Planning commissioners indicated the rezoning is likely on track for passage before the end of the year.

“This vote is a key milestone in the process of approving this unique and innovative plan, one that is shaped by the Gowanus community, and stands for equity and sustainability in this great city of ours,” Ken Knuckles, CPC vice chairman, said in his remarks Tuesday morning. “This plan is built on community engagement … and demonstrates how a hugely collaborative process can lead to an outstanding result.”

The mayor had hoped to rezone 15 neighborhoods as part of his ambitious plan to create and preserve 200,000 units of below-market housing, but has only managed to accomplish a third of his goals. After the early success of rezoning East New York in 2016, the de Blasio administration struggled to convince City Council members and community leaders still smarting over Mayor Michael Bloomberg’s dramatic makeover of the city that his plans would provide truly affordable levels of housing without displacing longtime residents and businesses. 

Campaigns to rezone Long Island City, Queens; Bushwick, Brooklyn; and Southern Boulevard in the Bronx fell apart. SoHo and NoHo’s rezoning could be next, after a Manhattan community board opposed it and Manhattan Borough President Gale Brewer said the plan “needs work.” Even successful efforts to rezone areas like the Bay Street Corridor in Staten Island have been met with vehement opposition.

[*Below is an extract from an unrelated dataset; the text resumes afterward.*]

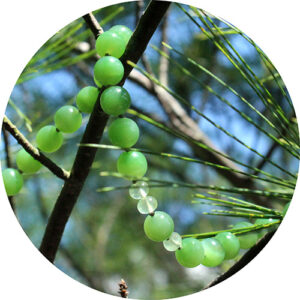 Green Nephrite Jade & Prehnite healing necklace in branches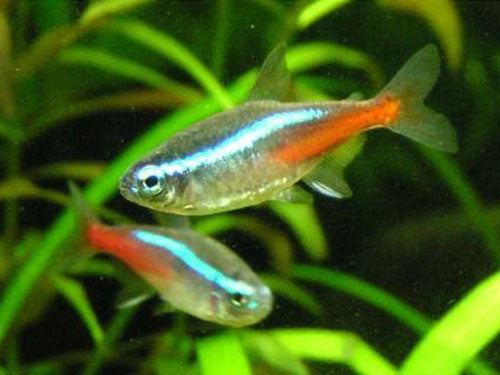 Neon Tetra XL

But de Blasio has found success in Gowanus, a neighborhood he used to represent as a council member. A judge dismissed a lawsuit from community groups against the rezoning in March and the plan earned support from de Blasio’s likely successor, Brooklyn Borough President Eric Adams, who added his own recommendations.

Now, the City Council will have the final say on the matter. Council Members Brad Lander and Stephen Levin, who represent the area, want the city to commit to funding $200 million in repairs for two public housing complexes in the neighborhood before they can support the plan.

CPC’s approval of the Gowanus rezoning comes on the same day that the board voted in favor of the New York Blood Center’s plan to replace its three-story Upper East Side headquarters with a nearly 600,000-square-foot “life sciences hub,” an industry de Blasio pumped $1 billion in to help grow in the city. The Blood Center will retain some of the space and teamed with Longfellow Real Estate Partners to lease the rest to for-profit companies.